Staff Engineer – Experimentation Team
Builds statistical engines and warehouse-native analysis pipelines for A/B testing and adaptive experimentation (contextual bandits). Requires 10+ years experience, deep applied statistics/ML, backend expertise in Go/Python, and warehouse integration across Snowflake, Databricks, etc.
Responsibilities
- Build the experimentation statistical engine — hypothesis testing, sequential analysis, variance reduction (CUPED, Winsorization), power analysis. Ensure statistical correctness across all experiment types.
- Design warehouse-native experimentation that runs analysis inside customer warehouses (Snowflake, Databricks, Redshift, BigQuery). Build modular, warehouse-agnostic abstractions for rapid new backend support.
- Lead adaptive experimentation — contextual bandit systems, Bayesian optimization, automated allocation beyond simple A/B tests.
- Drive the platform roadmap with product, design, and data science.

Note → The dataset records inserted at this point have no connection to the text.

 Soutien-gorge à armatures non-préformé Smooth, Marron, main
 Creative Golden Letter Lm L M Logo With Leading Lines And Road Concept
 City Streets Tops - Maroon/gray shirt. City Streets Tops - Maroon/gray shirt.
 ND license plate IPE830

Shape what we build, not just how.
- Collaborate cross-functionally with Warehouse Integrations, SDK, Platform, and Data Science teams.

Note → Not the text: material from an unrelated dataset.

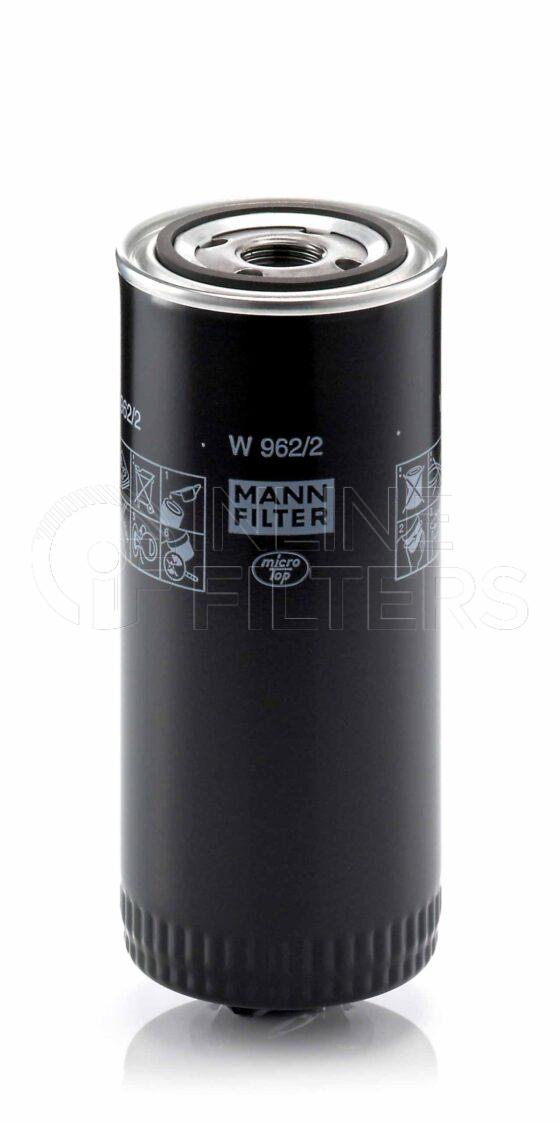 Mann W 962/2. Lube Filter Product – Brand Specific Mann – Spin On Product Spin on lube filter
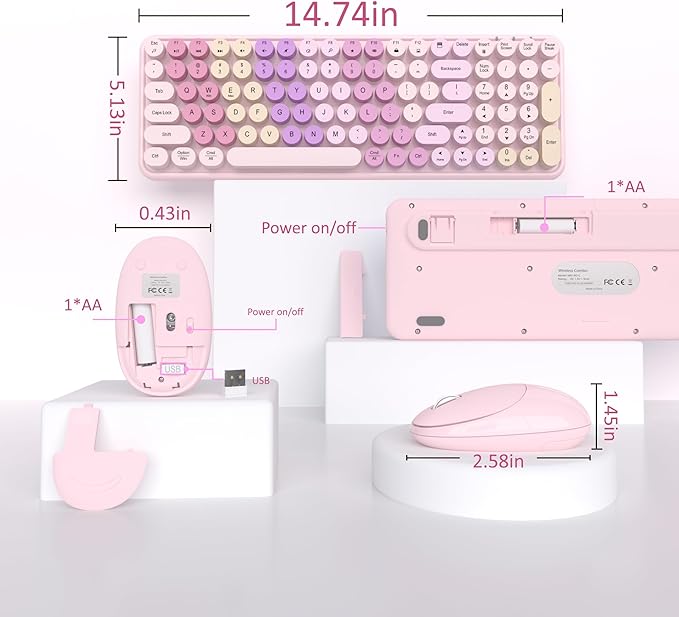 Colorful Wireless Keyboard Mouse Combo, Gradient Rainbow Colors 100 Keys and 2.4GHz Optical Mouse Connection for Windows, Mac, Laptop, PC, Desktop (Pink Colorful)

- Mentor engineers and raise the team's bar for statistical rigor and system design.
- Own operational excellence — monitoring, observability, incident response, on-call. Robust telemetry and alerting.
Qualifications
- 10+ years building large-scale experimentation platforms, statistical analysis systems, or data-intensive backend services.
- Applied-statistics knowledge: hypothesis testing, sequential analysis, variance reduction (CUPED), power analysis, experiment design. Comfortable with frequentist vs. Bayesian trade-offs.
- Experience with adaptive experimentation ML — contextual bandits, Thompson sampling, Bayesian optimization, or RL-based allocation.
- Track record designing warehouse-agnostic systems across Snowflake, Databricks, Redshift, BigQuery, or similar.
- Expertise in Go, Python, or similar for backend services and statistical computation.
- Experience with event-driven architectures, data pipelines, and large-scale data processing.
- Cloud environments (AWS, GCP) with infrastructure-as-code.
- Technical leadership: setting direction, breaking down complex problems, influencing across teams.
- Ability to translate statistical concepts for product and engineering audiences.
Pay
Target pay ranges based on Geographic Zones for Level 5:
Zone 1 (San Francisco/Bay Area or NYC Metropolitan Area, Boston, Seattle): $214,800 - $295,350
Zone 2 (Irvine, LA, Monterey, Santa Barbara, Santa Rosa, Austin, Portland, Philadelphia, Chicago): $193,400 - $265,870
Zone 3 (All other US locations): $182,600 - $251,020
Exact compensation may vary based on skills, experience, and location. Includes RSUs, health, vision, dental insurance, and mental health benefits.